5月は気温が徐々に上がり始める季節。まだ夏本番ではないからと油断しがちですが、実はこの時期こそが熱中症対策のスタートラインです。気温が高くなり始める5月~6月は、体が暑さに慣れていない「暑熱順化前」の状態にあり、熱中症のリスクが急増する時期でもあります。

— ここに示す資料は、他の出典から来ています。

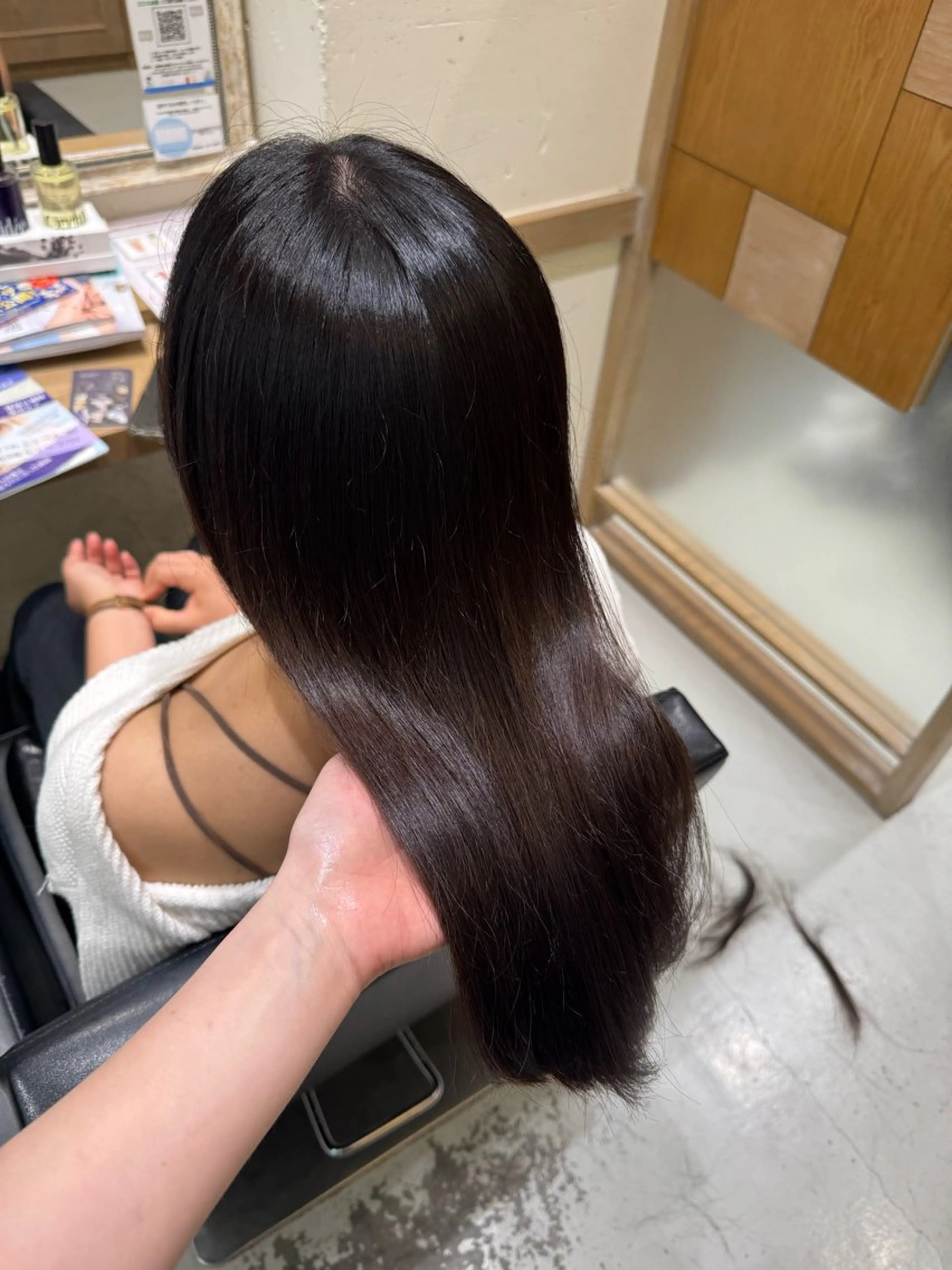 ロング カラー カット ヘアカラー トリートメント 透明感カラー/顔周り カット/レイヤーにかのヘアスタイル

厚生労働省の労働災害統計を見ても、5月から熱中症による労災が報告され始め、6~8月にかけてその発生数はピークを迎えます。つまり、5月の準備が甘いと、夏場に重大な健康障害や業務停止リスクを招きかねないのです。
職場に潜む“見逃されがちな”熱中症リスク
「外での作業がないから関係ない」と思われるかもしれませんが、工場、厨房、物流倉庫、空調の効きにくい事務所などでも熱中症は多発しています。特に以下のようなリスク要因を抱える職場は注意が必要です。
- 高温・多湿環境(WBGT値の上昇)
- 重作業や防護服の着用による発汗量の増加
- 高齢者や体調不良者、新入社員など順化が不十分な労働者
- 水分・塩分摂取の習慣が身についていない職場文化
こうした状況を放置すると、最悪の場合、命に関わる事態にもなりかねません。
5月に企業が取るべき初動対策とは?
5月時点での準備は、熱中症の発症を未然に防ぐ鍵となります。特に以下のような対応が推奨されます。
- WBGT(暑さ指数)の測定と記録
- 暑熱順化のための短時間作業の導入や、作業時間・休憩時間の再設計
- 水分・塩分補給の教育と、現場での飲料確保
- 「暑さに弱い社員」への個別配慮
- 緊急時の対応マニュアルの整備と周知
産業医・労働衛生コンサルタントが提供できる実践的支援
私たちは、以下のような支援を通じて、職場の熱中症対策をトータルでサポートいたします。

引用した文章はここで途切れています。